Figure 1: Behaviours of an isolated rotating disk and co-rotating disks in a dilute suspension.
figure 1

(a) 2D flow fields around an isolated rotating disk. (b) The velocity profile as a function of r/a. ε/() increases linearly with r inside the disk and then decays as 1/r in its outside, which is the characteristic of the so-called Rankin voltex. (c) Schematic picture of a pair of two disks rotating around the centre of mass. The two disks are rotating anticlockwise with the same speed. (d) Trajectory of coupled rotating particles (the system size=256 × 256 lattices). The initial separation of the particles (arrowed) was 30 lattices and each particle rotates anticlockwise with Re=0.76. (e) Temporal change in the interparticle separation. We note that for all the cases including Re=0.7 the interparticle distance eventually reaches a final steady-state value of the separation (see d), which monotonically decreases with Re. (f) A cluster of disks formed at Φ=0.04 at Re=5.94. We confirm that irrespective of the value of Re a cluster is always formed in the range of Re studied.

Structural ordering due to many-body hydrodynamic interactions

Now we consider the dynamical behaviour of a system of many disks rotating in the anticlockwise direction with Ω. The hydrodynamic attraction between rotating disks leads to the formation of rotating clusters for low Φ (Fig. 1f). The higher rotation speed of individual disks leads to the formation of a more compact rotating cluster. This tendency is basically the same as that for a pair of rotors (Fig. 1e). For this regime, only one cluster is formed in the simulation box and the whole cluster rotates in the anticlockwise direction, as shown in Fig. 1f. A cluster always tends to have a circular shape, but it does not have any particular internal structural order, partly because imperfect matching between the size and the number of particles leads to structural fluctuations: the internal structure is basically controlled by the number of disks in it and Re, which determine the cluster size, but fluctuating with time.

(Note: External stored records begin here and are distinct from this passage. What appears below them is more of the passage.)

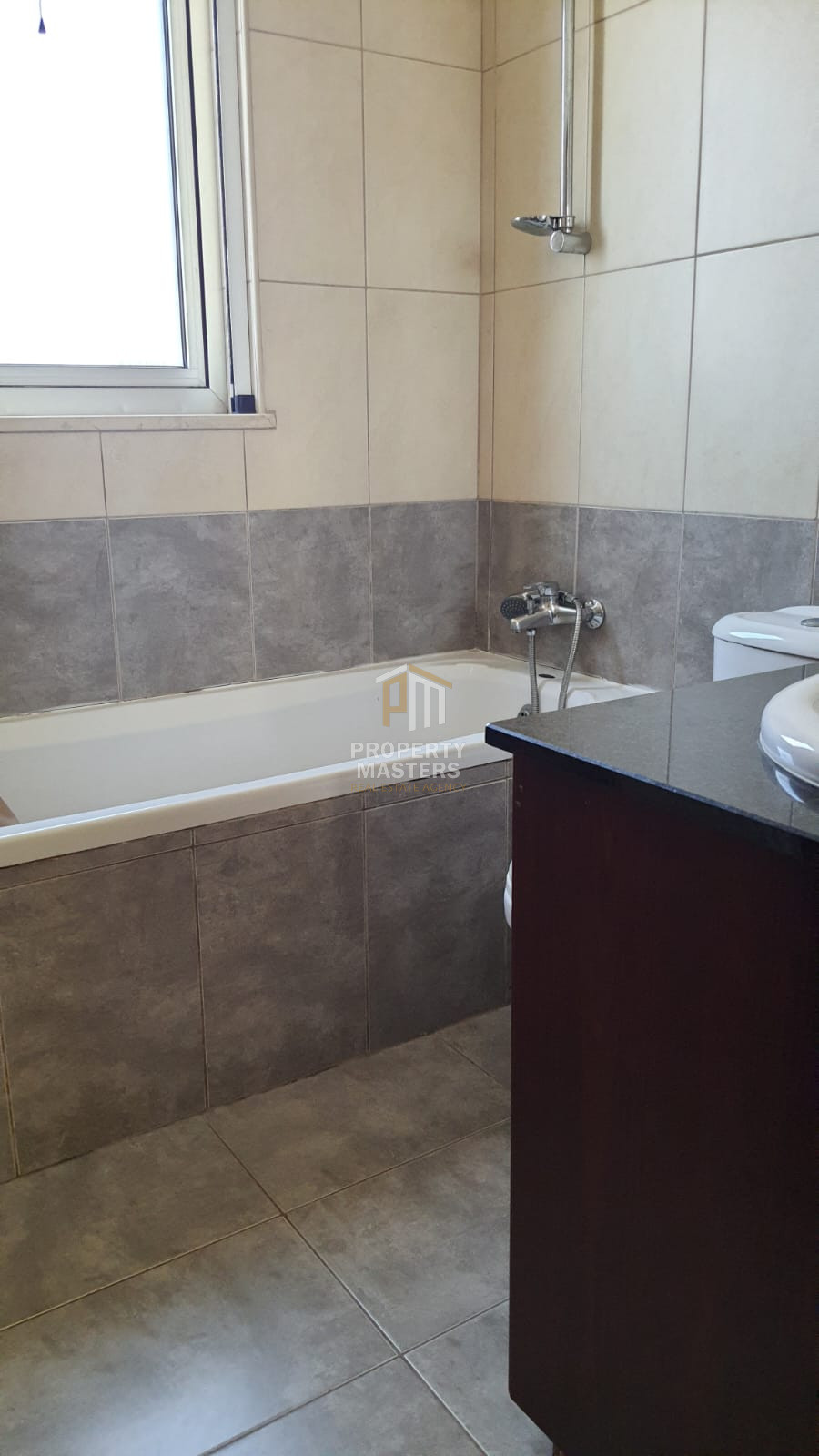 3 Bedroom Detached House in Aradippou, Larnaca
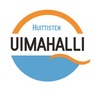 Huittisten Uimahalli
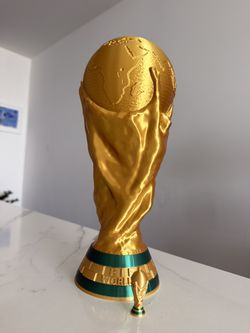 FIFA World Cup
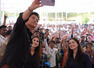 Sara Tendulkar slams paps over offensive body-shaming remark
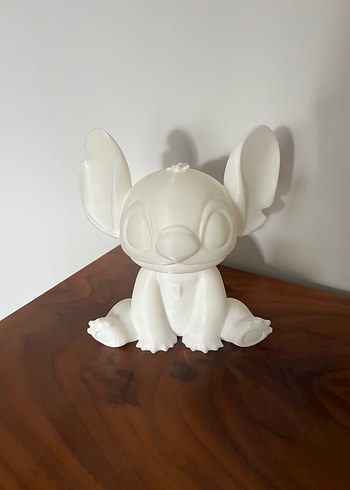 stitch dekor - Görsel 4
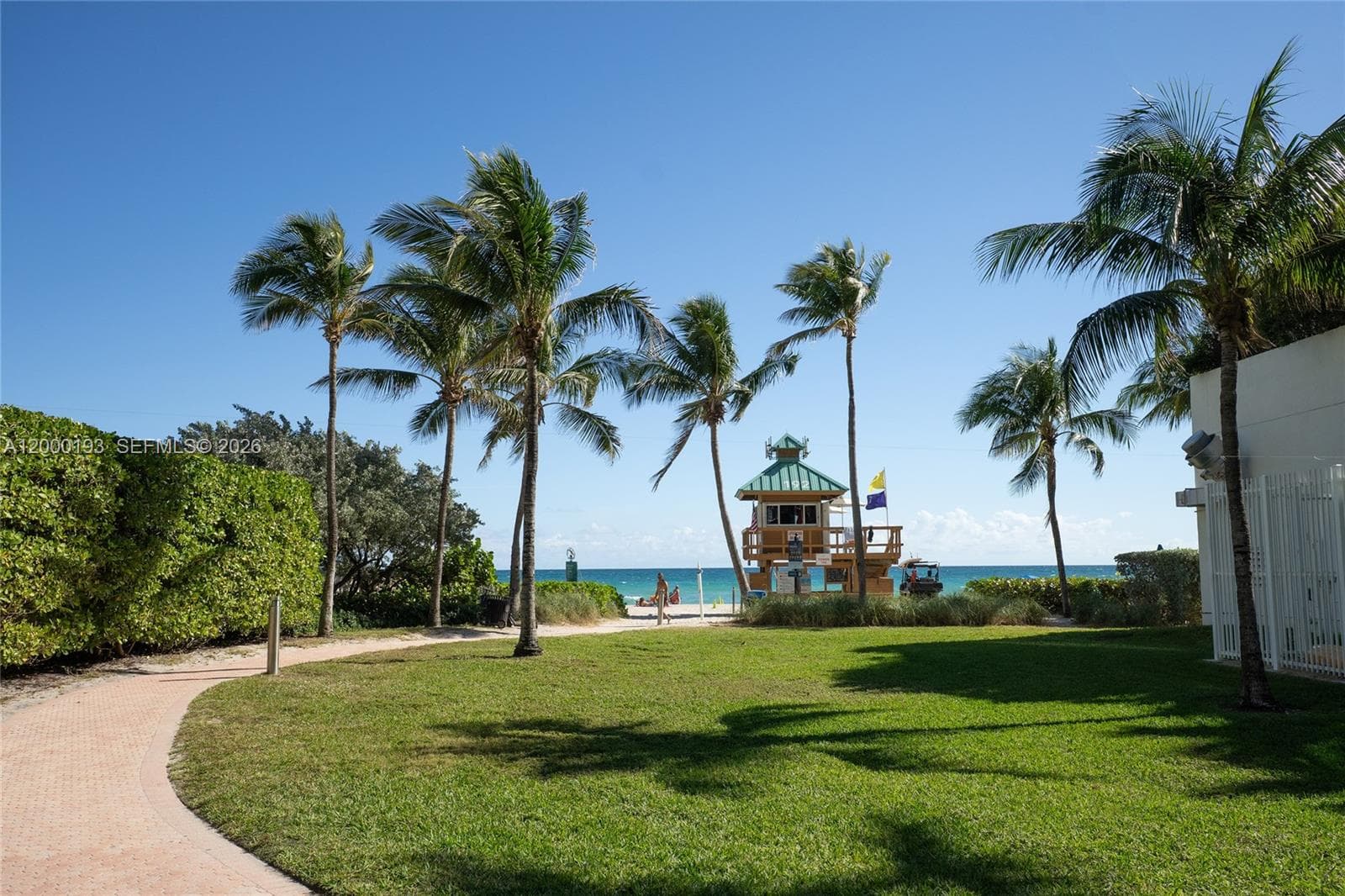 19201 Collins Ave 1123 photo 21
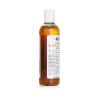 KIEHL'S - Calendula Herbal Extract Alcohol-Free Toner - For Normal to Oily Skin Types 71170/S09263 250ml/8.4oz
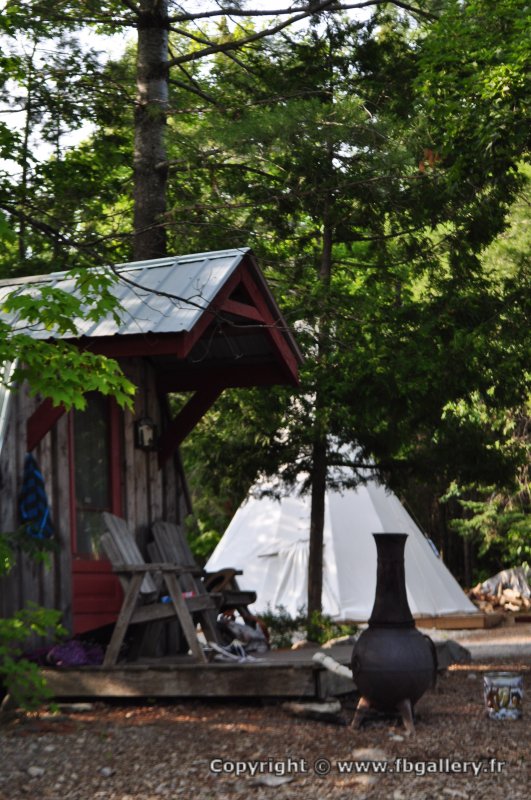 Canada2017_2245__DSC_0306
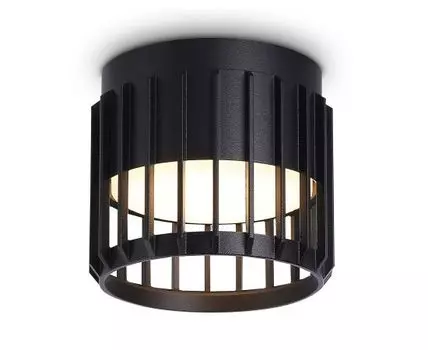 Накладной светильник Ambrella Light TECHNO SPOT Techno family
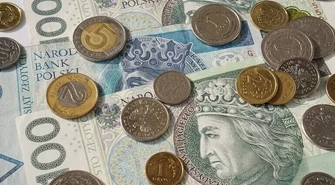 Pierwsze &#8222;trzynastki&#8221; trafią 1 kwietnia na konta emerytów i rencistów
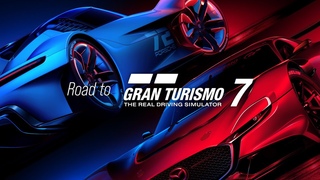 Gran Turismo 7 Полное прохождение №19 Книга меню 39 Чемпионат: Мировая серия GT Финал меню?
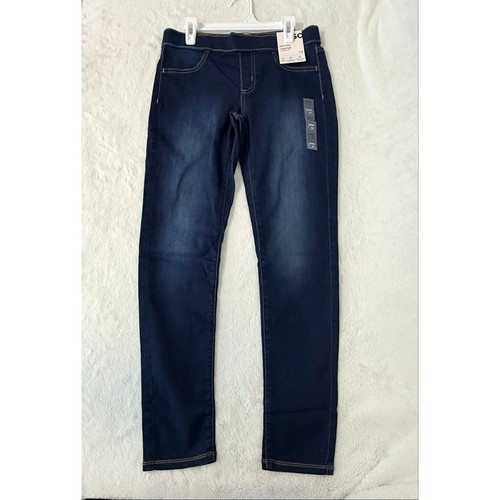 Nwt kohl girls - nwt, size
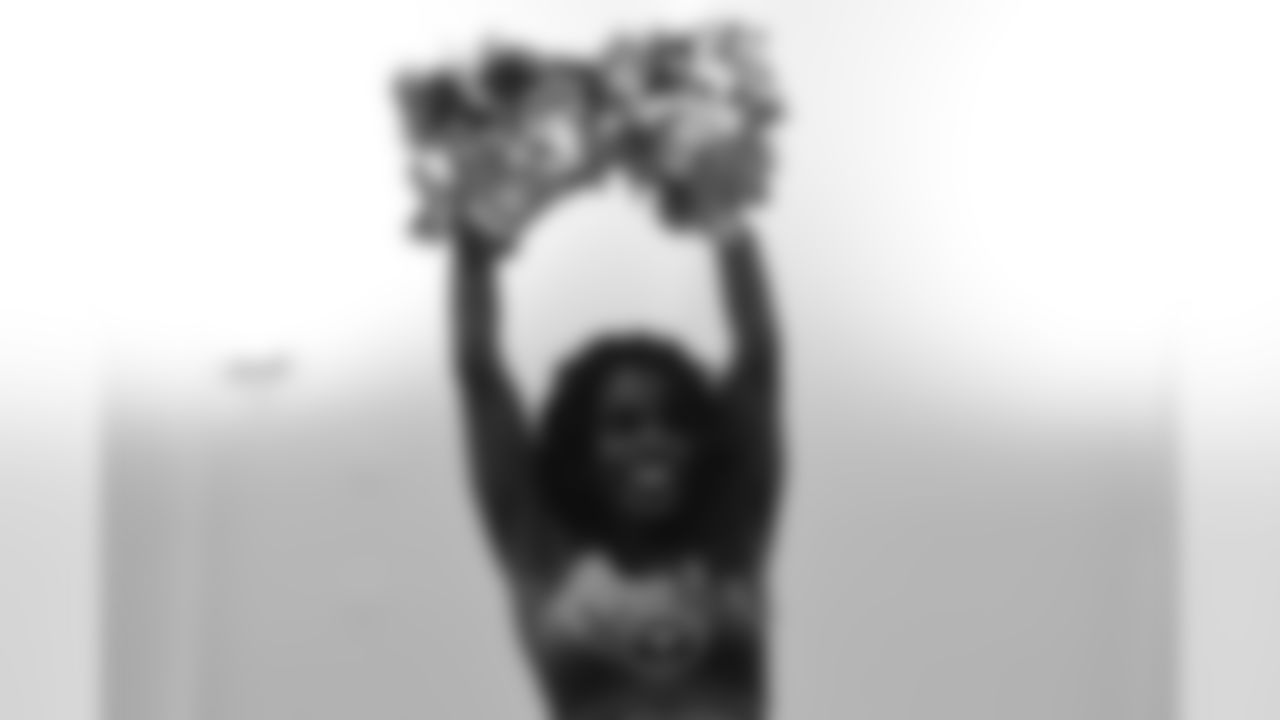 190519-stunt-team74239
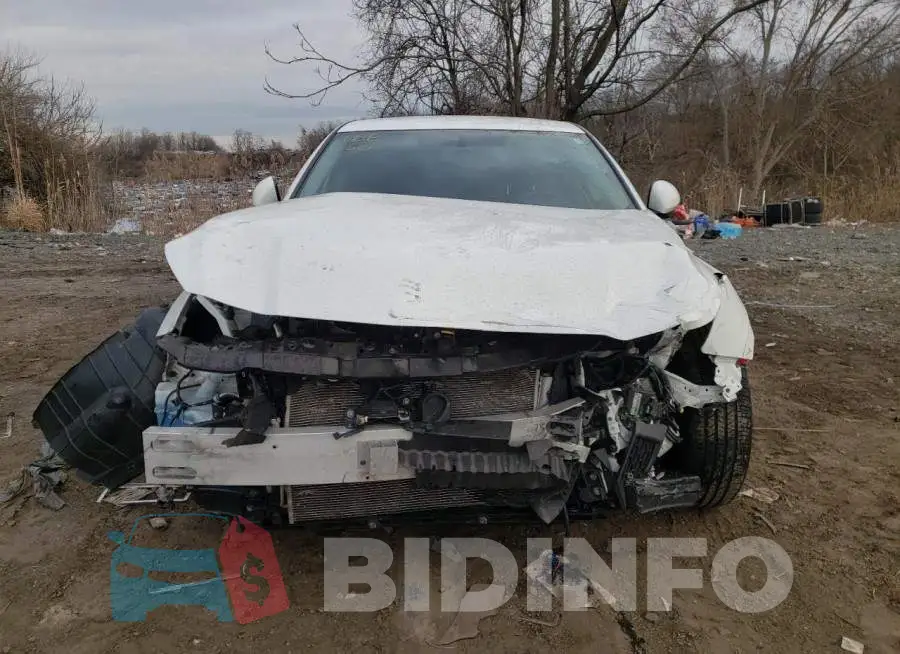 1N4BL4BV2KC157858 Photo# 5
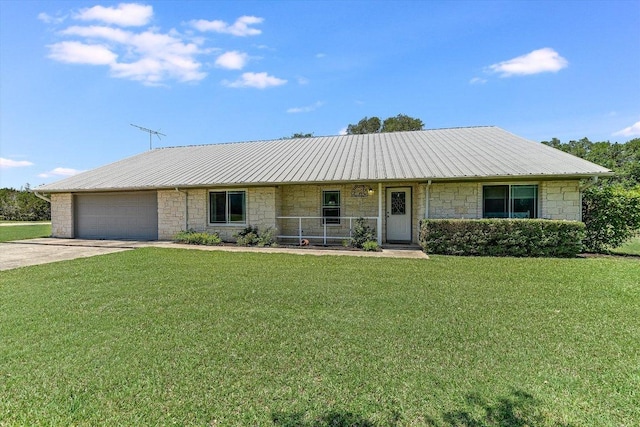 401 E Westfall Trl, Liberty Hill, TX 78642 - photo 1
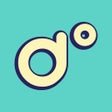 Ícone do programa: doobi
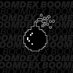 Boom | Sonic (@boomdex) Twitter profile photo Boom | Sonic (@boomdex) Twitter profile photo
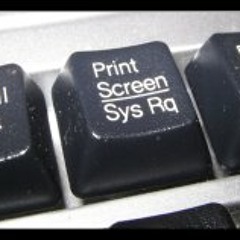 Demoscene Time Machine - SysRq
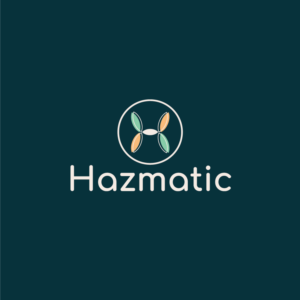 Logo Design by Design Sword for this project | Design: #23901567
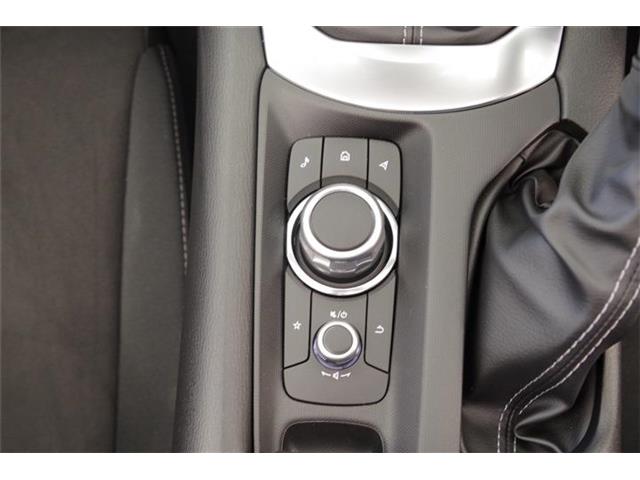 マツダ ロードスター １．５ Ｓ スペシャルパッケージ R6年 (東海) 99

With a further increase in Re, however, this cluster state becomes unstable, since the repulsive Magnus force of nonlinear origin eventually wins over the hydrodynamic attraction for high Re (see below). Above a critical Φ (Φc~0.05), on the other hand, a system exhibits a re-entrant transition between states as a function of Ω (Fig. 2a): for low Ω, a system is in a disordered liquid state with large fluctuations, but with an increase in Ω it enters into a rather stable hexatic phase where rotating particles are localized on a hexagonal lattice. The border between the cluster to the hexatic state is rather sharp as a function of Φ.

Figure 2: Re-entrant state transitions observed at a rather high Φ.
figure 2

(a) Snapshots of particle configurations together with the velocity fields. The system size is 256 × 256 lattices, the number of particles is 80 and Φ~0.157. We can see sequential transitions from disordered, hexatic ordered to disordered states with an increase in Re. (b) Upper panel: the direction of the hydrodynamic force θ measured from the interparticle axis. Lower panels: patterns formed by Brownian simulations for the two off-axis forces: left is a liquid state for θ=89°, whereas the right panel is a hexatic state for θ=85°. (c) Re-dependence of the hexatic order parameter Ψ6, which clearly shows the re-entrant behaviour for various Φ’s (expressed in %). (d) The degree of fluctuations of Ψ6 as a function of Re for various Φ’s (expressed in %). We can see that, as in a thermodynamic hexatic-ordering transition, the order parameter exhibits large amplitude fluctuations near the transition points. (e) Re-dependence of the decay of the spatial correlation function of the hexatic order parameter g6(r) normalized by the radial distribution function g(r) around the transition at low Re for Φ=0.157. In the hexatic state, g6(r)/g(r) decays with a power law with the exponent of −1/4, as it should be32. In the disordered states, it decays almost exponentially. (f) The same as e, but for around the transition at high Re. In the hexatic state, g6(r)/g(r) again decays with a power law with the exponent of −1/4. In the disordered states, it decays almost exponentially.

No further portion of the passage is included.